I strongly disagree about the treatment of null values, if there's one thing I like about C# it's that (even if it's crude, it's better than Scala's way of doing it which is Maybe or Option or something, sorry, it's been a while.) Also C# doesn't 'force' you, you have to require it before it enforces no-nulls.

> It obscures the difference between value and reference types

How, and how is that a problem?

> Plus the syntax implies Nullable<T>, which is something everyone should have learned to avoid when all it did was box value types.

Err, now I'm getting really rusty. What are you saying here?

> The more correct solution would have been to finish the contract system that allowed you to declare a function argument as non-nullable.

That's effectively what the no-null enforcement does, only it applies inside a function as well (if you make it do so anyway).

I completely disagree that it "wasn't a problem to begin with" .Hoare called it his billion-dollar mistake, and that's an underestimate.
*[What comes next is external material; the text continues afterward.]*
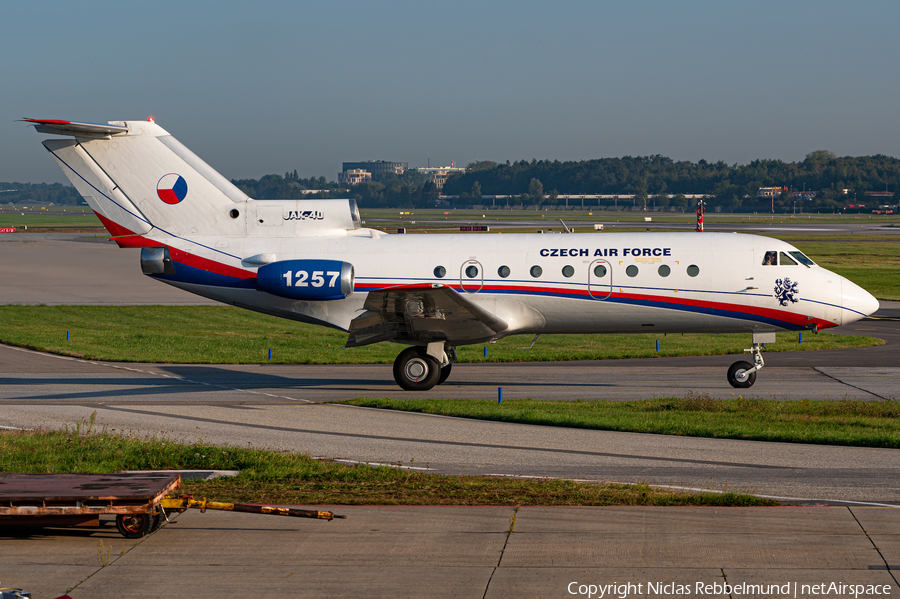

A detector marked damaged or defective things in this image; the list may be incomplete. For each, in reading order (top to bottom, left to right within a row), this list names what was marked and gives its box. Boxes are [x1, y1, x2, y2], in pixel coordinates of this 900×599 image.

rusty trailer [0, 474, 344, 540]
pavement crack [848, 506, 896, 584]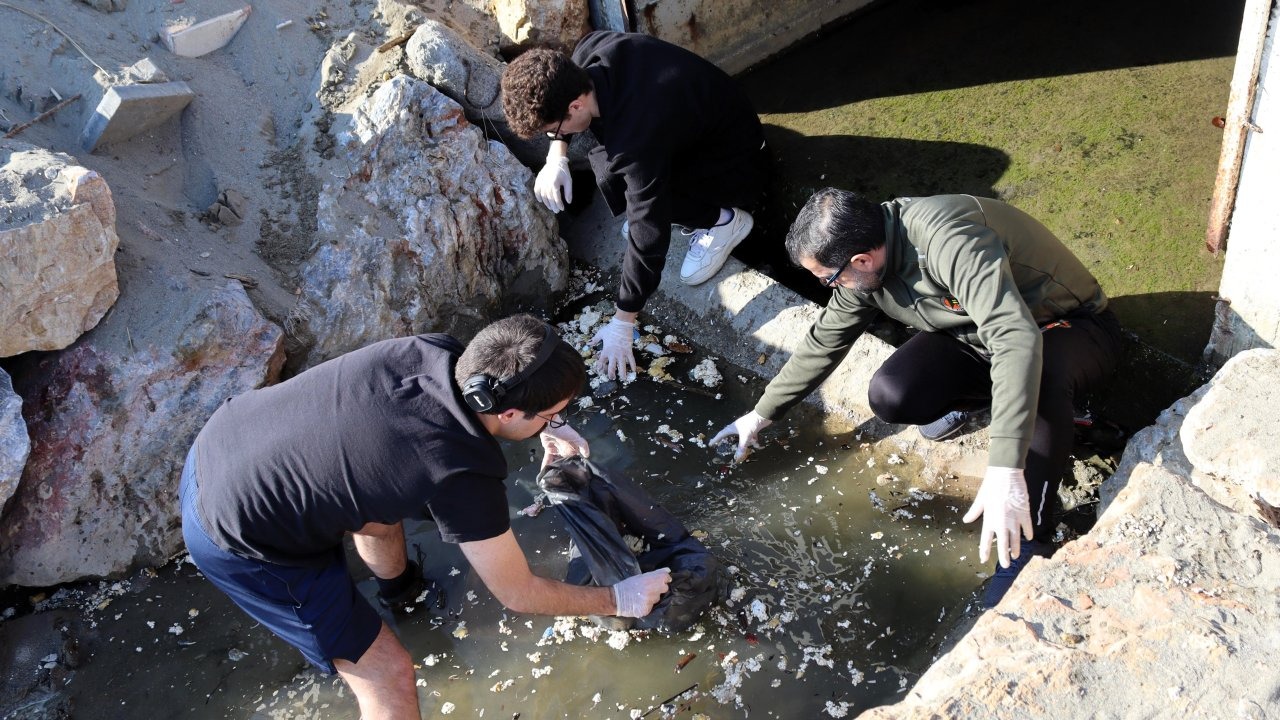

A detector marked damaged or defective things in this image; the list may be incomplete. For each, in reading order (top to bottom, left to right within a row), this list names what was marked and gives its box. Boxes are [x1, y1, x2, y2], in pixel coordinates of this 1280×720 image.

And we haven't muddied the syntax because you enable no-nulls with a pragma, and the null situation is definitely not the same as it has always been. The compiler picks them up and reports them (like I said, rather crappily but it's a damn sight better than nothing).



The question mark to denote a nullable type is inherited from the .net framework days. You'd use that to mark a value type as nullable, which is syntactic sugar for Nullable<T>. Internally, that object stores a bool for IsNull and it packs your value into an Object. When dealing with value types, this results in a copy-by-value every time you access it, which is bad in most cases.

I don't like this solution because it reuses something that I've learned is a Bad Thing. Though I'm sure the current implementation just stores a reference to the object in question.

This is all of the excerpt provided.